未完成の「おっぱい山のしゃもじ君」と、もしも違う人生を選んでいたら。2024年10月17日
子供はおっぱいが大好きだ。
それで「おっぱい山のしゃもじ君」を描き始めた。
おっぱいやまのてっぺんに住んでいたしゃもじ君に大きな荷物が届いた。
「しゃもじさん、はんこをください」
運送屋さんが山のてっぺんへ大きな声をかけると、
「はーい」としゃもじ君はハンコを持って滑り降りてきた。
大きな荷物が届いて村中は大騒ぎだ。
「何だろう、何だろう」と集まってきた。
「大きなサツマイモかな、それとも怪獣の卵かな」
何が届いたのか誰にもわからなかった。
荷物を受け取ったしゃもじ君も、しばらく考えていた。
そして、荷物の端についていたハンドルを回してみた。
すると、ガラガラと大きな音をたてて、
荷物はグシグシ形を変えながら大きくなった。
そしてそれは見たこともない大きな家になった。
家には不思議な生き物ものが住んでいて、黙って外を眺めていた・・・
この先に物語は続くが絵を描いていない。
そのように未完成のものが、パソコンの中にゴロゴロ落ちている。
生きているうちに3分の1でも、何とか完成させたいものだ。
完成させる意欲を失わせているのは出版状況の厳しさだ。
今の絵本界は売れる少数の作家を使いまわしているだけだ。
それ以外の作家にはほとんどチャンスはない。
それは、新人作家を見出そうとしない読者側にも問題がある。
戦前のごく平凡な女性。
着物は安っぽいが際立って悪趣味でもない。
顔立ちも極めて平凡。
取り立てた魅力はないが、少しくらいの苦難など平然と乗り越える強靭な人だ。
若い頃、プロの絵描きに「絵描きになるつもりだ」と話した。
彼は「やめとけ。
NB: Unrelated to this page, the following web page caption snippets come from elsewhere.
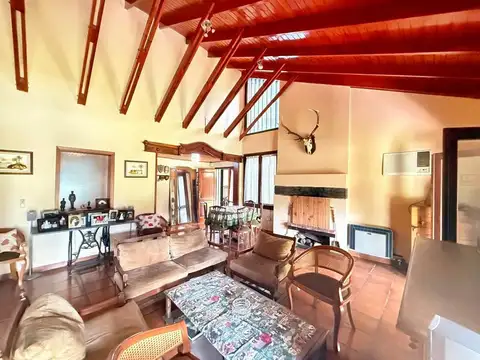 Casa en Venta, zona Colegio San Antonio.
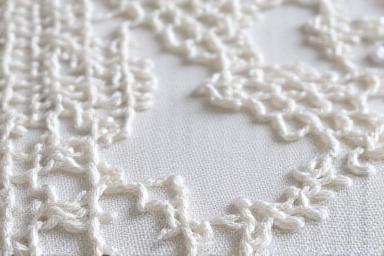 カットワークとサテンステッチが組み合わされたノルウェーのハーダンガー刺繍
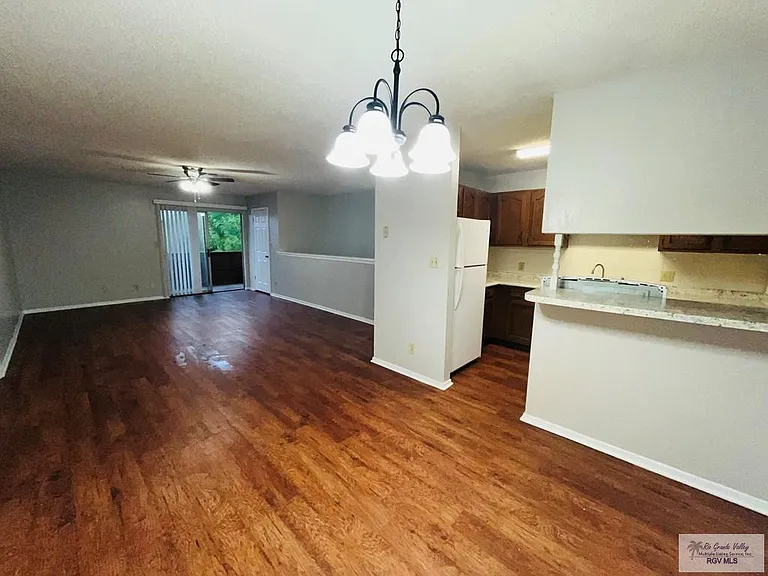 2805 Treasure Hills Blvd #1 — Photo 10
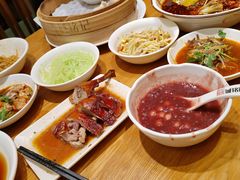 -诚铭记·虾仁汤包·成都小吃(融创店)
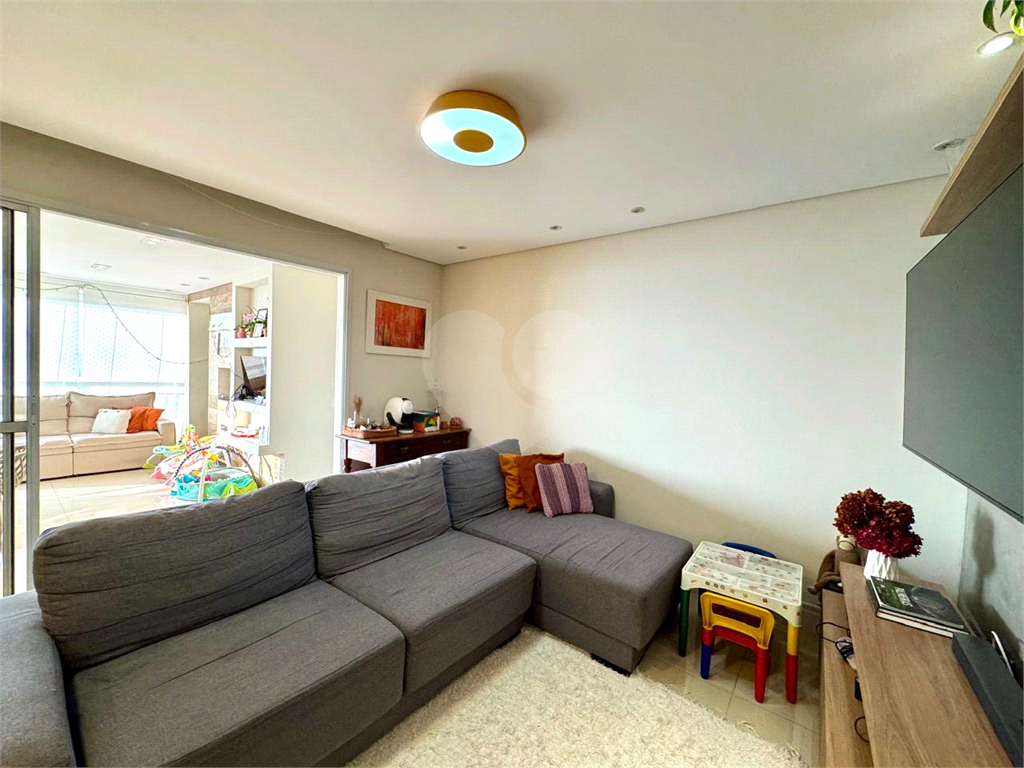 APTO ABAIXO DA AVALIAÇÃO - TOTALMENTE REFORMADO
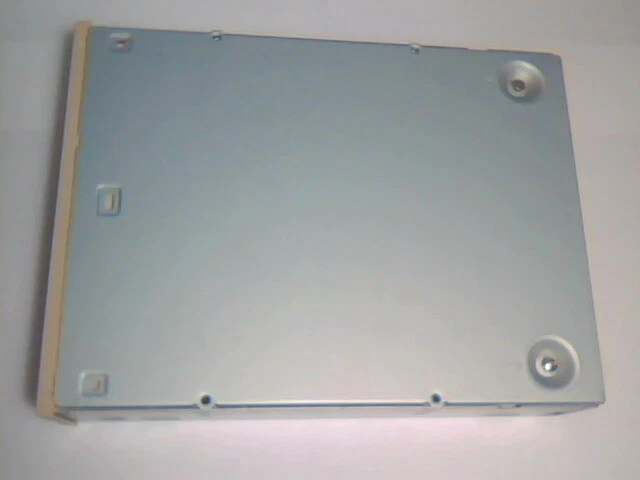 CD-ROM Drive Toshiba XM-5401B 005 50-pin SCSI February 1996 CI MA51226 CD - image 3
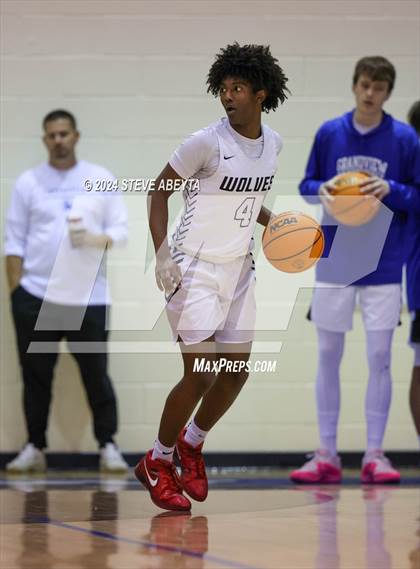 Thumbnail 2 in Regis Jesuit @ Grandview photogallery.
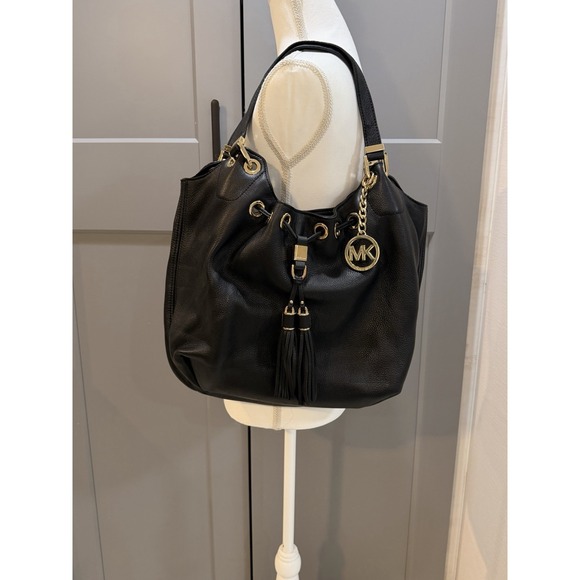 Michael Kors Handbags - Michael Kors Camden Shoulder Bag Tote Tassel Grommet Black Leather Hobo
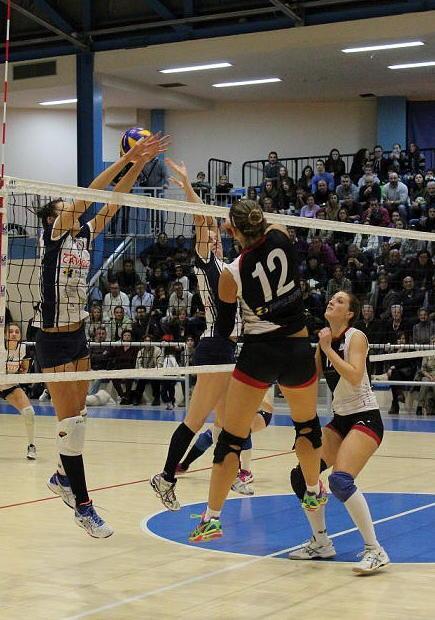Pontedera sottorete due team in salute si giocano il derby 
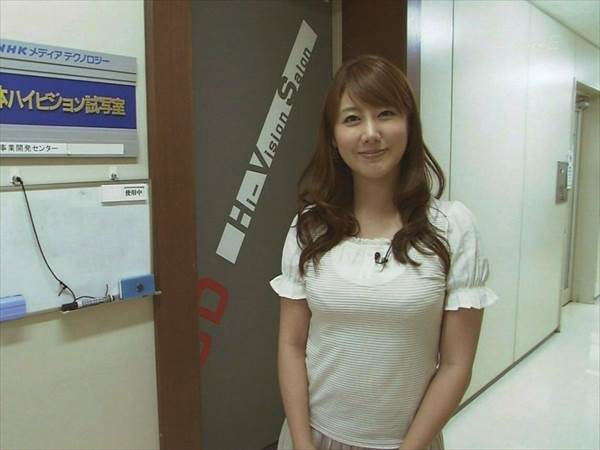 芸能人の純白ビキニ水着で水に濡れた巨乳おっぱいの谷間画像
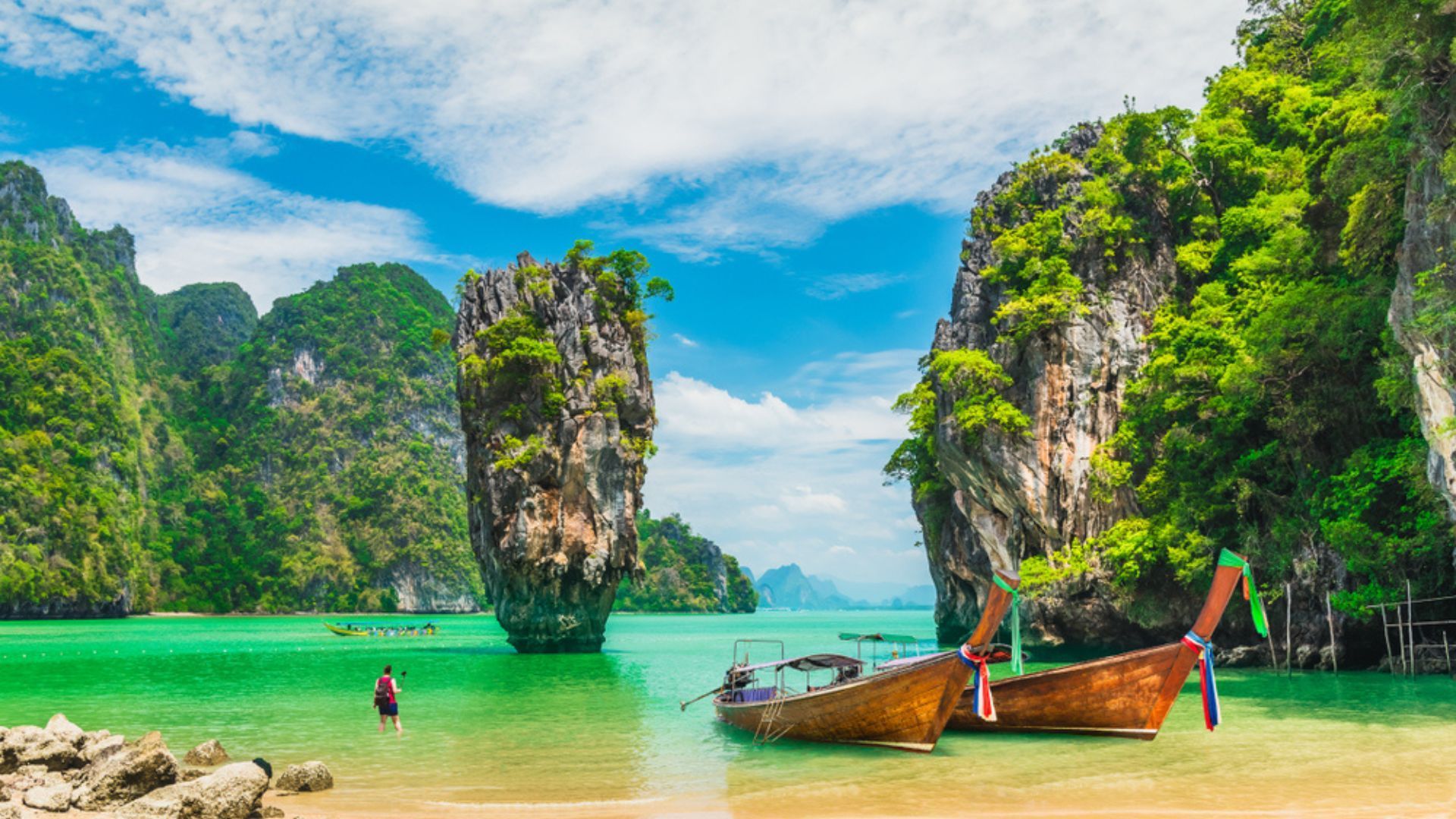 Krabi Vs Phuket: Soi Sáng Những Đặc Điểm Tương Phản Của 2 Viên Đá Quý Thái Lan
絵は遊びで描くのが一番楽しい」と応えた。
今、私は若い人に彼と同じことを話している。
絵など仕事にするものではない。
前回、曽祖父は風流人だったと書いた。
彼は働いたことは一切なく、書画や茶道を楽しみ、花を生け、和歌を詠み、家の雑事には一切関わらなかった。
私の祖父を曽祖母が廃嫡した時も、一切口出ししなかった。
ある意味、幸せな人生を送った人だった。
投稿した絵を描いた時、見覚えがある顔だと思った。
よく似た人と若い頃に付き合ったことがある。
とても優しくて大らかな人だった。
今時の女性なので、絵の人よりずっと足は長くグラマーだった。
最初のデートの時、彼女は私に財布を渡した。
びっくりして中を見ると分厚い万札が入っていた。
親は埼玉の不動産管理業だと聞いていた。
彼女が父親にデートに行くと言うと「男に金を使わせるような、みっともないことはするなよ」と彼女にその財布を渡した。
しかし、当時の私は金回りが良かったので、彼女にお金を使わせることなどしなかった。
彼女とは長くは付き合わず、私から離れた。
嫌いだったわけではなく、ただ私が未熟だっただけのことだ。
今振り返ると、私には彼女のような人が一番合っていた。
もし一緒になっていたら、曽祖父のように風変わりな絵の好きな老人として終わったかもしれない。
それはそれで素晴らしい一生だ。